►
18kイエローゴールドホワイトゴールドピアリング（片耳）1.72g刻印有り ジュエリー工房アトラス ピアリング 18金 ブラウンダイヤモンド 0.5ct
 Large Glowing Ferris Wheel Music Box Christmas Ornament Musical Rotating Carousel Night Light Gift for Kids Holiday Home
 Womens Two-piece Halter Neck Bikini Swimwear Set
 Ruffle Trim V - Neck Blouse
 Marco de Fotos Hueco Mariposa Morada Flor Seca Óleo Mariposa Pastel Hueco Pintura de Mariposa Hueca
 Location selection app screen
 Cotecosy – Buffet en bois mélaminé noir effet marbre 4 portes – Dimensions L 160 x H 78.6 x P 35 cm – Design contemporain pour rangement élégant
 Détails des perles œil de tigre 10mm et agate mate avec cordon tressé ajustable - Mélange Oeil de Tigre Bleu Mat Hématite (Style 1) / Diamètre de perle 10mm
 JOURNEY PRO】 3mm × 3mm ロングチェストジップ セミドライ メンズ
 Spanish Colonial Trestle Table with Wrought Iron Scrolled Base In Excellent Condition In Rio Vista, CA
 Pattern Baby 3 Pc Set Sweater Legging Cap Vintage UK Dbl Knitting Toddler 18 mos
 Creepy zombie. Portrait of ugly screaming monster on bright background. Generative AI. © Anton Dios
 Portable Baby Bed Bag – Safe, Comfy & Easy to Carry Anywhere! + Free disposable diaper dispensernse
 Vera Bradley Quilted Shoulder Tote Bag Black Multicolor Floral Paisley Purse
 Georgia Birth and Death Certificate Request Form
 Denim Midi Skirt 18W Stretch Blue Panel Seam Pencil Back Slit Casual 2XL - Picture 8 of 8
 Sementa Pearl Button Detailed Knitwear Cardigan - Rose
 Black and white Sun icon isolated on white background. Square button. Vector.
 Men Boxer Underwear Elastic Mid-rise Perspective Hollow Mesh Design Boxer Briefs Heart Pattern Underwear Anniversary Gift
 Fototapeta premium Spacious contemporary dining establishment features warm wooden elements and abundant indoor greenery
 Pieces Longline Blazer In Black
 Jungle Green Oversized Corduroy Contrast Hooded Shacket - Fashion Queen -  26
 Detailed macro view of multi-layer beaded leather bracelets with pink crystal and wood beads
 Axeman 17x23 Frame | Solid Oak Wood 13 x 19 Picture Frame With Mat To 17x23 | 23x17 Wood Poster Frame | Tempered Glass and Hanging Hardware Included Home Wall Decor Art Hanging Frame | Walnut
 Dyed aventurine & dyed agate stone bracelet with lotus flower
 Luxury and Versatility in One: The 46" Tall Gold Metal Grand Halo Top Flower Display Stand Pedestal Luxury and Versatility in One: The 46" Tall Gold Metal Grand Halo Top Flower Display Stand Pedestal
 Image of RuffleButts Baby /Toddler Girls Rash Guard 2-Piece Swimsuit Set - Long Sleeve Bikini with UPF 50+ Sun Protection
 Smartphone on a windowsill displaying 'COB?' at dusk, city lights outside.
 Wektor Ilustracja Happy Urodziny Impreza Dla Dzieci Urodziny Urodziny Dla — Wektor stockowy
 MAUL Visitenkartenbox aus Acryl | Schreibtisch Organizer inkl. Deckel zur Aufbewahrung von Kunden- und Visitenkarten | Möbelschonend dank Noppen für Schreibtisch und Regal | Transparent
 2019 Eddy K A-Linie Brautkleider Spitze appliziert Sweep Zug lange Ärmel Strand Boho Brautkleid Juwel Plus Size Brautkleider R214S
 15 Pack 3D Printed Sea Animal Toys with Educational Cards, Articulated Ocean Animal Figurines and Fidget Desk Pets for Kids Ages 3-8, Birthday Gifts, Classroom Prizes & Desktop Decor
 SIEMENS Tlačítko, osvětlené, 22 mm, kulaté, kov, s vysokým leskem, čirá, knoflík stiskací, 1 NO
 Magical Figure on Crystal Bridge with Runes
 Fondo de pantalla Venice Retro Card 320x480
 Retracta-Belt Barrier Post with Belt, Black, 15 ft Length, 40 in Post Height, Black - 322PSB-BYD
◄
● **WORK REQUIRED**: In the entries above, the lines between the one holding "Pieces Longline Blazer In Black" and the one holding "Wektor Ilustracja Happy", inclusive, are to be printed exactly as written, and those alone.

● **ANSWER TO THIS PROBLEM**:
 Pieces Longline Blazer In Black
 Jungle Green Oversized Corduroy Contrast Hooded Shacket - Fashion Queen -  26
 Detailed macro view of multi-layer beaded leather bracelets with pink crystal and wood beads
 Axeman 17x23 Frame | Solid Oak Wood 13 x 19 Picture Frame With Mat To 17x23 | 23x17 Wood Poster Frame | Tempered Glass and Hanging Hardware Included Home Wall Decor Art Hanging Frame | Walnut
 Dyed aventurine & dyed agate stone bracelet with lotus flower
 Luxury and Versatility in One: The 46" Tall Gold Metal Grand Halo Top Flower Display Stand Pedestal Luxury and Versatility in One: The 46" Tall Gold Metal Grand Halo Top Flower Display Stand Pedestal
 Image of RuffleButts Baby /Toddler Girls Rash Guard 2-Piece Swimsuit Set - Long Sleeve Bikini with UPF 50+ Sun Protection
 Smartphone on a windowsill displaying 'COB?' at dusk, city lights outside.
 Wektor Ilustracja Happy Urodziny Impreza Dla Dzieci Urodziny Urodziny Dla — Wektor stockowy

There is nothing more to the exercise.